Science Fiction & Fantasy Asked by Robert B on August 10, 2021
I remember that back in 80s I read a short SF story about aliens who crossed interstellar distances to arrive at Earth, and somehow managed it with only vacuum tube technology. The story was definitely written after vacuum tubes became obsolete because part of the appeal of the story was "ooh, how could aliens go interstellar with only vacuum tubes?"
Does anyone know the title and author?
Possible The Aliens Who Knew, I Mean, Everything by George Alec Effinger. It was published in 1984 so it fits with your time frame. I read it in the anthology Alien Contact but it has been published in lots of anthologies.
As narrated by one of the aliens:
All our spacecraft operate on vacuum tubes. They take up a hell of a lot of space. And they burn out. Do you know how long it takes to find the goddamn tube when it burns out? Remember how people used to take bags of vacuum tubes from their television sets down to the drugstore to use the tube tester? Think of doing that with something the size of our mother ships. And we can’t just zip off into space when we feel like it. We have to let a mother ship warm up first. You have to turn the key and let the thing warm up for a couple of minutes, then you can zip off into space. It’s a goddamn pain in the neck.”

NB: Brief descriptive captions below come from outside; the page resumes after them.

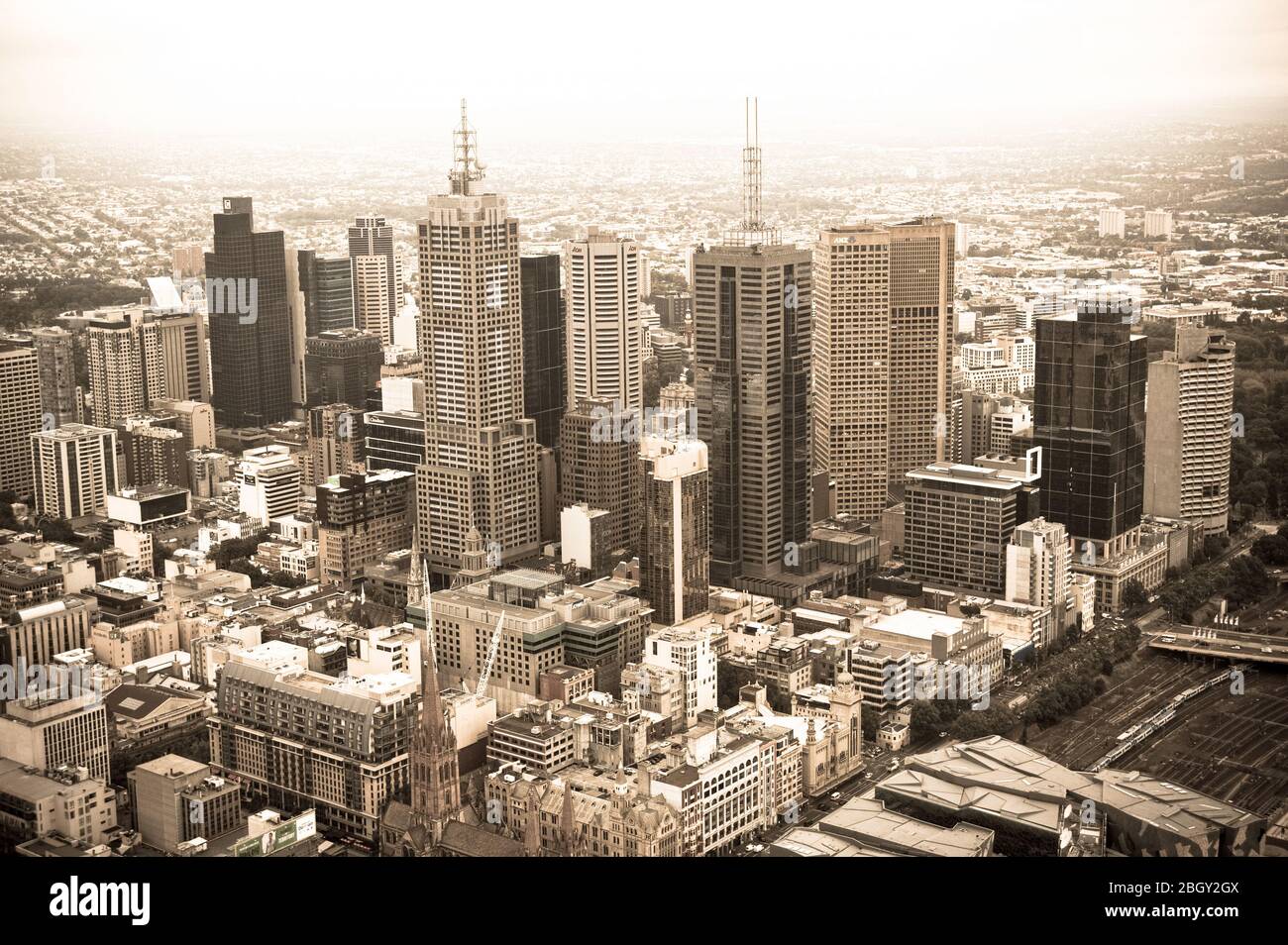 Aerial View Melbourne Victoria Australia Cbd Skyline Stock Photo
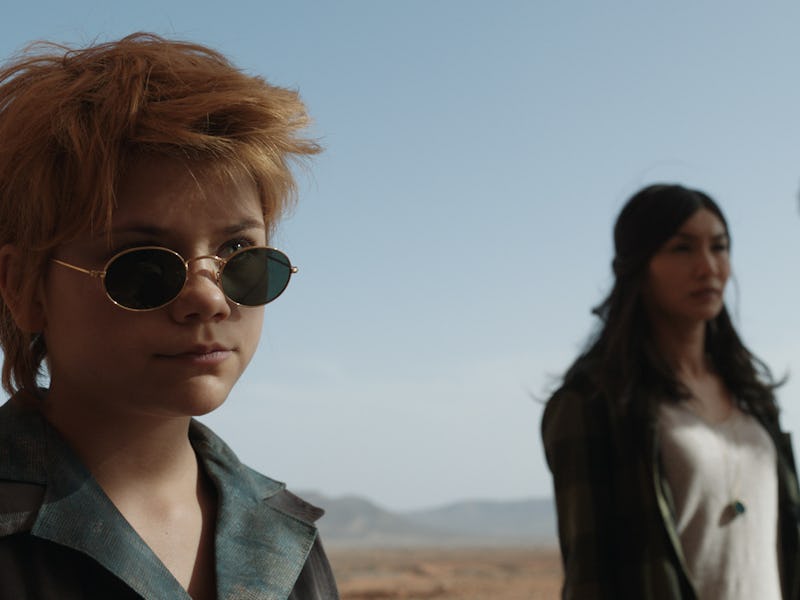 Sprite (Lia McHugh) and Sersi (Gemma Chan) in Marvel Studios' ETERNALS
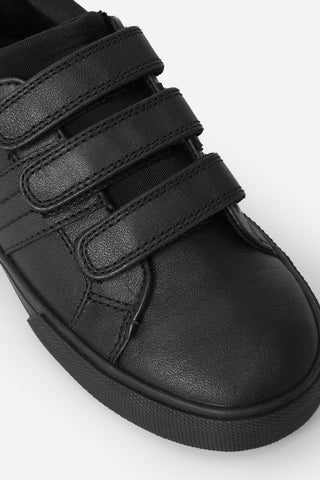 Black School Leather Triple Strap Shoes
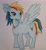 Size: 2734x2950 | Tagged: safe, artist:saekato, artist:xalaris, imported from derpibooru, rainbow dash, pegasus, pony, female, solo, traditional art, wings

The aliens are called the nuhp, and while they are benign they are super annoying:
On the whole, everyone began to like the nuhp, although they took just a little getting used to. They had very definite opinions about everything, and they wouldn’t admit that what they had were opinions. To hear a nuhp talk, he had a direct line to some categorical imperative that spelled everything out in terms that were unflinchingly black and white. Hollyhocks were the best flower. Alexander Dumas was the greatest novelist. Powder blue was the prettiest color. Melancholy was the most ennobling emotion. Grand Hotel was the finest movie. The best car ever built was the 1956 Chevy Bel Air, but it had to be aqua and white. And there just wasn’t room for discussion: the nuhp made these pronouncements with the force of divine revelation.
In the end the nuhp conquer Earth simply because everyone gets fed up of them and moves to other planets:
They were all populated by charming, warm, intelligent, humanlike people who had left their own home worlds after being discovered by the nuhp. Many races lived together in peace and harmony on these planets, in spacious cities newly built to house the fed-up expatriates. Perhaps these alien races had experienced the same internal jealousies and hatreds we human beings had known for so long, but no more. Coming together from many planets throughout our galaxy, these various peoples dwelt contentedly beside each other, united by a single common aversion: their dislike for the nuhp.